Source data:
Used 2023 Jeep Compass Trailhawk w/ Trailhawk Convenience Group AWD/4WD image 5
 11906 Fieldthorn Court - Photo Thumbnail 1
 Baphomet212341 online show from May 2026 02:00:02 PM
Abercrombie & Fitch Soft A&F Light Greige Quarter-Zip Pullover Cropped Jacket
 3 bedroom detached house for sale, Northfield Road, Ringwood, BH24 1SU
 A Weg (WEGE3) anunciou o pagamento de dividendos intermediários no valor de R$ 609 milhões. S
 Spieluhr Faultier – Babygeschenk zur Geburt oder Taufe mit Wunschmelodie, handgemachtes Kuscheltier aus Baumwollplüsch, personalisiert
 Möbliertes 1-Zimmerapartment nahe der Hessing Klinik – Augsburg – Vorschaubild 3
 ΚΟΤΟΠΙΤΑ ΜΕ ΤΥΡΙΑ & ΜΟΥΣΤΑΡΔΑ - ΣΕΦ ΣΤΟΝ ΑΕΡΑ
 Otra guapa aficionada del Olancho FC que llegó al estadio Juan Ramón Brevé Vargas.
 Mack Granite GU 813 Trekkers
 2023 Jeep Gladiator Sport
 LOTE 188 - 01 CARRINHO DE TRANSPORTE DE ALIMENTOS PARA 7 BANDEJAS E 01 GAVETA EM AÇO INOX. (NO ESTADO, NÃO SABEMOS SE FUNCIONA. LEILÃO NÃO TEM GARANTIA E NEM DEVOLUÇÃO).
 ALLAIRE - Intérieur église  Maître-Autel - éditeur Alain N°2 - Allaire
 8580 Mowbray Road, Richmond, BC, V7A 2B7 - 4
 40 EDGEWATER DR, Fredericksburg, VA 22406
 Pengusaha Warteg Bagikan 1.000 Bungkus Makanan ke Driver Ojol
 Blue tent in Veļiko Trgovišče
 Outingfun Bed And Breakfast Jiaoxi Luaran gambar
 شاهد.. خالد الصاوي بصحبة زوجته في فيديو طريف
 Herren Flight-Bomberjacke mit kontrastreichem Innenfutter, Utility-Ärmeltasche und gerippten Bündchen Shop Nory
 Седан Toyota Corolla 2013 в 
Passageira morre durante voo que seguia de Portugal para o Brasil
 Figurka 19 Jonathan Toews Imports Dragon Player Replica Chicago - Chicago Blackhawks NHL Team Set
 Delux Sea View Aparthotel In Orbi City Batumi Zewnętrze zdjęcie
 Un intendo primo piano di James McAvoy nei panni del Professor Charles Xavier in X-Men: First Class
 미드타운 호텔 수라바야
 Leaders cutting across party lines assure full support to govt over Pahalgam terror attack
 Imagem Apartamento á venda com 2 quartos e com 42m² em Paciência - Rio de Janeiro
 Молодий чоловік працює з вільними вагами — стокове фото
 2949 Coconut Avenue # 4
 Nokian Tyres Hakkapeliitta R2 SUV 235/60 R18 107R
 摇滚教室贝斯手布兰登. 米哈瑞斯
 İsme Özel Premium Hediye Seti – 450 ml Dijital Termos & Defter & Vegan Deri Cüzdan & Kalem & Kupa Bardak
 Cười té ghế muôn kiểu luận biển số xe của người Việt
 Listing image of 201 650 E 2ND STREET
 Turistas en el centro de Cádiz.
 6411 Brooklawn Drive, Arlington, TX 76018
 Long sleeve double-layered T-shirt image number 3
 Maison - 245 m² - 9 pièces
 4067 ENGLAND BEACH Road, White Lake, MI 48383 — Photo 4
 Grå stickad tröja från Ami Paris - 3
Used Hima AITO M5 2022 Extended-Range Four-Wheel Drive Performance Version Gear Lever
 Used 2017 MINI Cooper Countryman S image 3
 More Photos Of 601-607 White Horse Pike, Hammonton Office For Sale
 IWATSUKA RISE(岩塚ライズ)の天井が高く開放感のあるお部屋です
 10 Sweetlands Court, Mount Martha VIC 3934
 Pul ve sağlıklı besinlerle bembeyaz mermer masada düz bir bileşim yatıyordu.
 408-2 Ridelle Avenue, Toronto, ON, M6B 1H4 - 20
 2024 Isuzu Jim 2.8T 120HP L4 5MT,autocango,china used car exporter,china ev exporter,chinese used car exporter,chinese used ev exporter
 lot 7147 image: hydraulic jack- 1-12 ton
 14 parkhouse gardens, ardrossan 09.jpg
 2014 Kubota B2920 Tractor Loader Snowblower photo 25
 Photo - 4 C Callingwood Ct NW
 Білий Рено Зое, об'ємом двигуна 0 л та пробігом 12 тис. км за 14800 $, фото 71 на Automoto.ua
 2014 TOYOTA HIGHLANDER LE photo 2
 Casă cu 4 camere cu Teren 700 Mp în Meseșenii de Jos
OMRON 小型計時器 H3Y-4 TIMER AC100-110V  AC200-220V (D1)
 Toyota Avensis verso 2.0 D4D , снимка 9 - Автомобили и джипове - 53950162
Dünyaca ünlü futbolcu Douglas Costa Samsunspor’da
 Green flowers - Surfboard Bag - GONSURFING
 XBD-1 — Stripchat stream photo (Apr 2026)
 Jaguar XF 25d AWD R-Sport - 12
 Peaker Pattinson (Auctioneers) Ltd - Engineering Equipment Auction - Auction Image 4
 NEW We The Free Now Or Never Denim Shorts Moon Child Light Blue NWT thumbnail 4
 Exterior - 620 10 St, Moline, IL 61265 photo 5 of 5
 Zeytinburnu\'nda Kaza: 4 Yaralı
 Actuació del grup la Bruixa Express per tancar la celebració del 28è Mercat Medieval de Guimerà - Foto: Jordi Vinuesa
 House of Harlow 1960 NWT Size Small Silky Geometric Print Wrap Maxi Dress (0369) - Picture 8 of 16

EXERCISE PROMPT>
The lines from the one with "XBD-1 — Stripchat stream photo (Apr 2026)" through the end of the data above are to be set down exactly, with both boundary lines included and no other lines.

ANSWER BOX>
 XBD-1 — Stripchat stream photo (Apr 2026)
 Jaguar XF 25d AWD R-Sport - 12
 Peaker Pattinson (Auctioneers) Ltd - Engineering Equipment Auction - Auction Image 4
 NEW We The Free Now Or Never Denim Shorts Moon Child Light Blue NWT thumbnail 4
 Exterior - 620 10 St, Moline, IL 61265 photo 5 of 5
 Zeytinburnu\'nda Kaza: 4 Yaralı
 Actuació del grup la Bruixa Express per tancar la celebració del 28è Mercat Medieval de Guimerà - Foto: Jordi Vinuesa
 House of Harlow 1960 NWT Size Small Silky Geometric Print Wrap Maxi Dress (0369) - Picture 8 of 16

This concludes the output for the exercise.